We recommend that all moviemakers have a supply of spare batteries, and this is definitely the case with the SD1. There is no optical viewfinder, so all framing and reviewing has to be done via the 3-inch colour LCD screen - unlike Sony's SR1 this is not a touchscreen LCD. The lack of a viewfinder puts extra strain on the battery as it's constantly powering the LCD screen.
Recent Panasonic models have benefited from a Help mode that can be activated when using the joystick controller and menu system. Users get a short description of what a feature does, when activating the onscreen help.
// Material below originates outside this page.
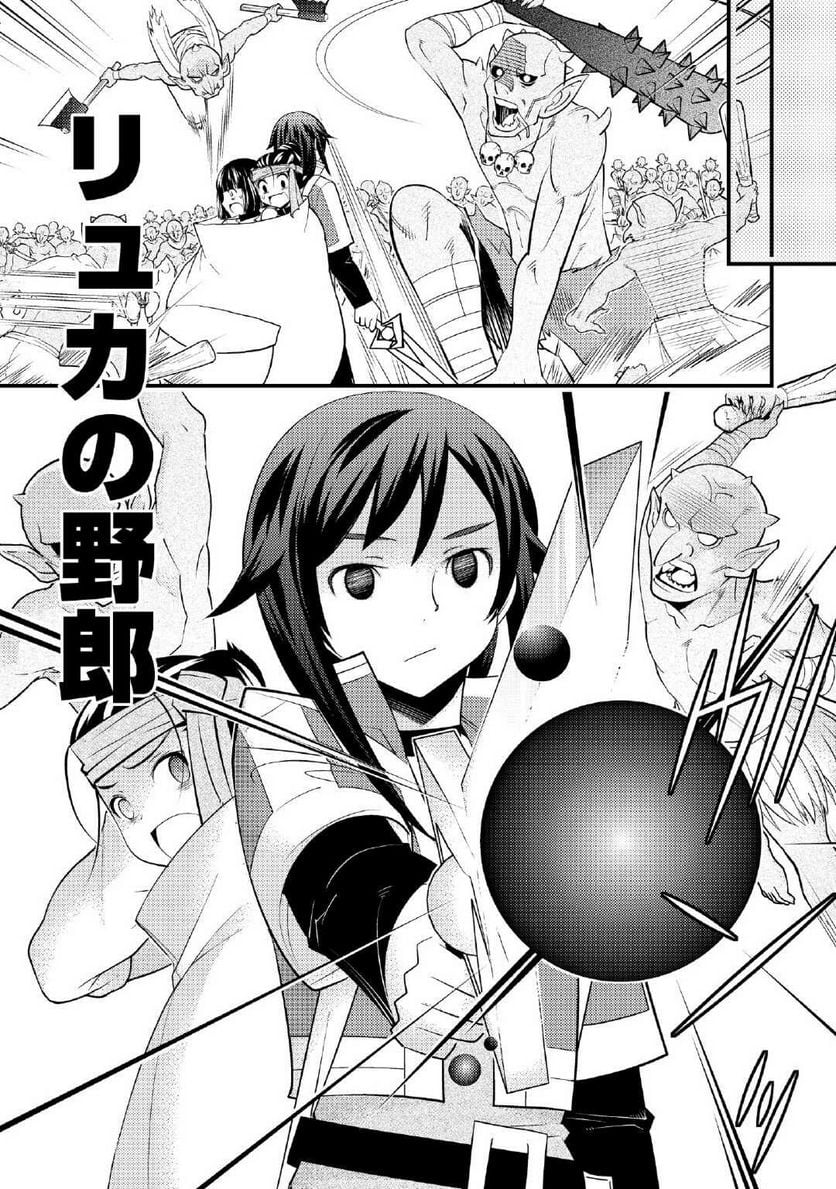 P37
This is also on the SD1 and adds to its high ease of use mark.
The camcorder doesn't make any radical departures from the sort of filmmaking features that you'd find on conventional mini DV or DVD models, so there's the usual mixture of program AE modes and manual controls - including focus, white balance and shutter speeds.
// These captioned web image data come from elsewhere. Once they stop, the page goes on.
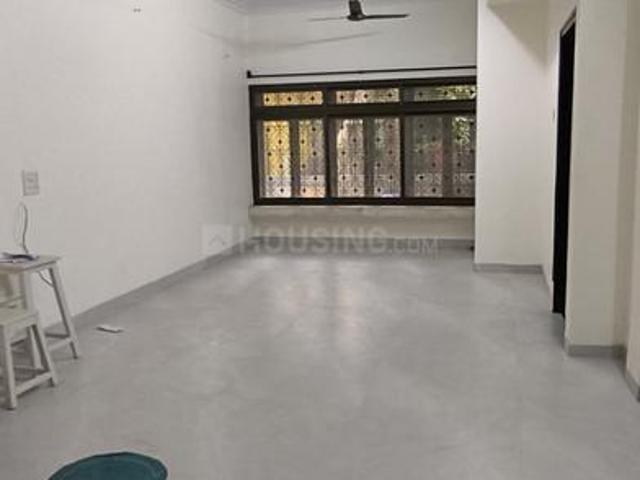7 BHK Villa in Chembur for resale Mumbai. The reference number is 19075997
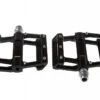 Pédales BLB Flatliner CNC -Équipement De Vélo pedales blb flatliner cnc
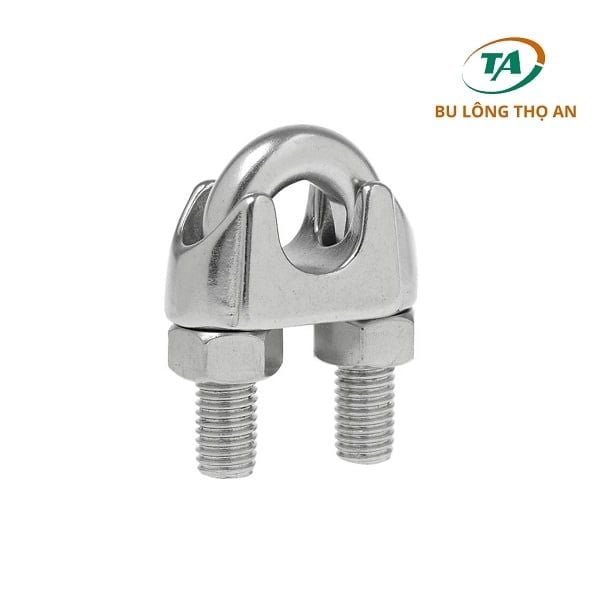 Khóa Cáp Inox 304 chất lượng cao giá tốt chỉ từ 20.000đ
Where it does differ is in the three recording modes available: HF, HN and HE. Select HF mode from the menu and you get the highest HD picture quality (1080i) possible, and can record for up to 40 minutes. Select another setting and your capacity increases as image quality drops. Unfortunately, the SD1 doesn't have the same versatility as Sony's SR1, which allows users to switch between HD and standard-definition (SD) footage.
To match the leap in image quality that HD footage delivers Panasonic has made an effort to ensure audio recording doesn't fall behind. The SD1 captures sound in Dolby Digital, and is capable of producing 5.1 channel surround sound.
On the top of the camcorder are the grilles for five internal microphones. The SD1 features Dolby Digital 5.1 Creator so with these mics you can record audio closer to the actual sound. The low bass area is sent to the 0.1 channel subwoofer and you can play back with 3D presence on DD5.1-equipped devices.
Playback options are limited to simply watching your clips and photos, with the odd slow-motion and frame-by-frame playback thrown in for good measure. It is possible to delete or protect individual clips and photos though. There's no such thing as Playlist creation however, as those familiar with DVD cams might be used to.
The camcorder does provide a great selection of sockets and connections. From an HDMI terminal that allows you to hook your camcorder up to an HD-ready TV and enjoy your images at the highest resolution, to component and AV outputs for connecting to analogue devices.
A USB port is included for transferring images to a computer, although the software provided on the CD-ROM is for Windows PCs only. It's very limited software - with only
For the majority of home moviemakers the image and audio quality possible with the SD1 is going to be streets ahead of what they're used to. Camcorders like this Panasonic model simply offer more clarity, fine detail and better colour reproduction than budget and mid-range models.
We viewed test footage via HDMI on a 32in HD-ready set, as well as using a composite connection on a 28in standard-definition set. The HD footage is exemplary. Filled with bags of detail - you can almost feel the texture of plants and flowers.
Images are solid and stable in HD, and the auto systems cement the high standard of performance, being incredibly reliable. Even the audio is a cut- above the normal on-camera standard - with a wide soundfield and crisp and clear delivery on most occasions.
With a standard-definition connection there is evidence of picture instability (jitter), which is noticeable at the edges of the screen, and on complex scenes where the camcorder is searching for a main focal point. However, the overall picture and sound quality is on a par with the best in high-end mini DV camcorders.
The Panasonic HDC-SD1is a camcorder that you're going to want to make movies on. It simply shouts out to be used, and to have the most made of its wide range of features. For such a great model there's not a lot of fuss either - it's just great at capturing knockout movie footage. The price tag will put it out of reach for some consumers, but this is a camcorder you really should want to save up for!